Work to complete. When you return the data, keep every line exactly as it is and leave out the pictures.

Dataset section.
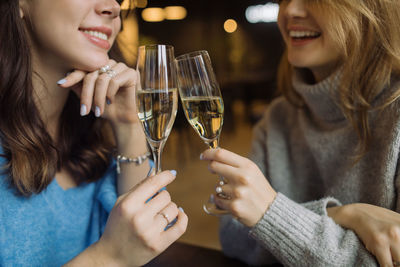 Close-up of a smiling young woman holding drink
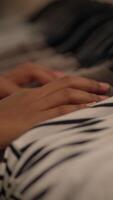 A warm hand gently resting on a soft fabric surface, invoking feelings of comfort and peace video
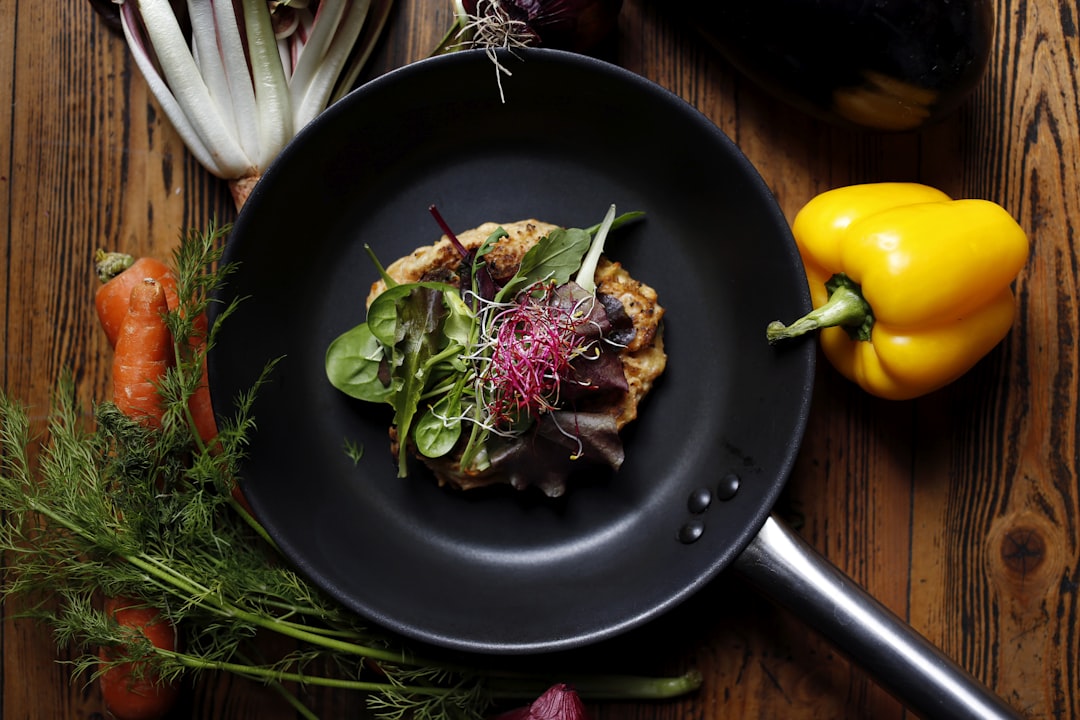 vegetable salad on black plate, A vegetable restaurant recipe on a pot.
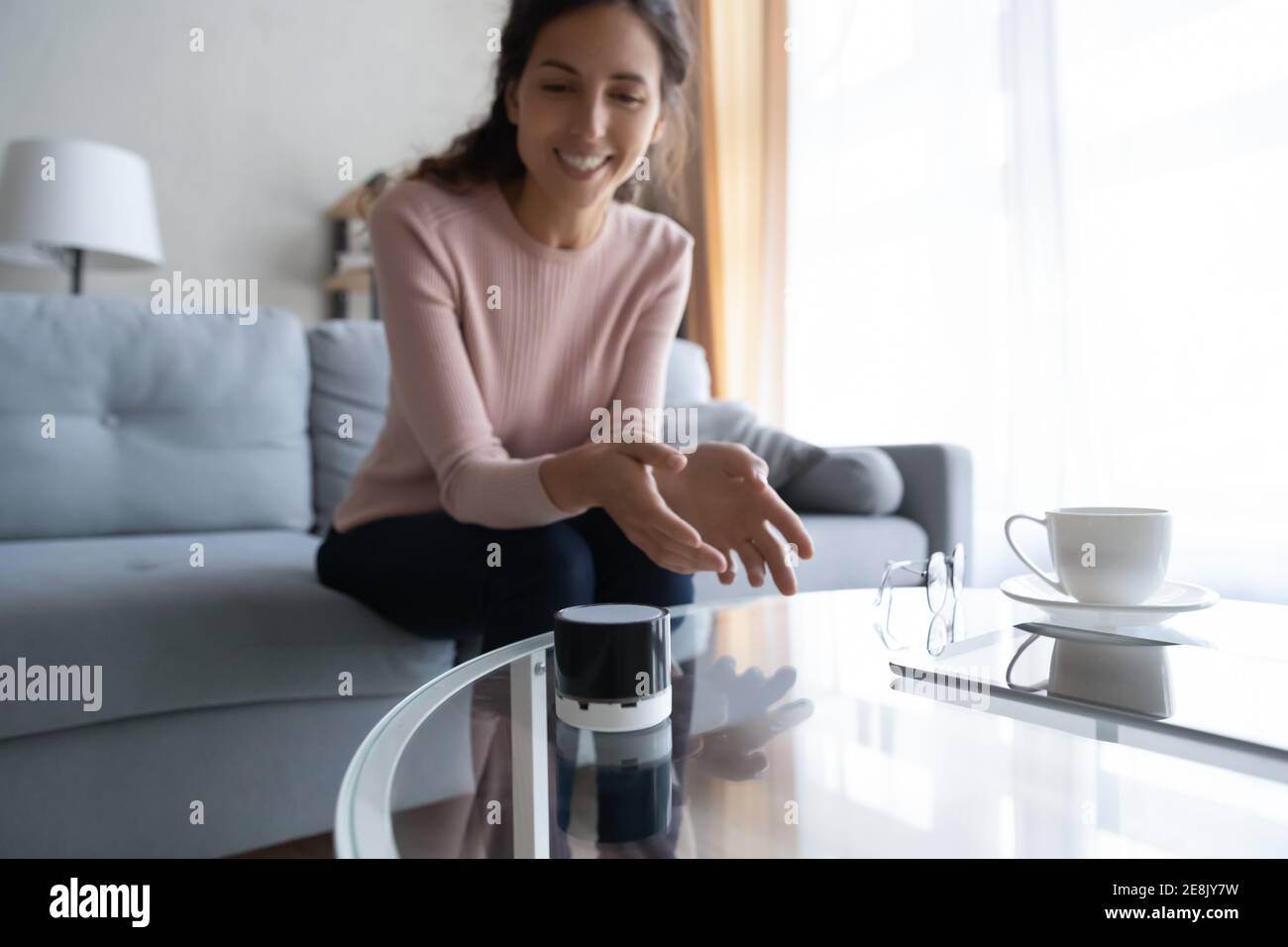 Glückliche junge Frau mit drahtlosen Sprachassistenten. Stockfoto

Response.
 Close-up of a smiling young woman holding drink
 A warm hand gently resting on a soft fabric surface, invoking feelings of comfort and peace video
 vegetable salad on black plate, A vegetable restaurant recipe on a pot.
 Glückliche junge Frau mit drahtlosen Sprachassistenten. Stockfoto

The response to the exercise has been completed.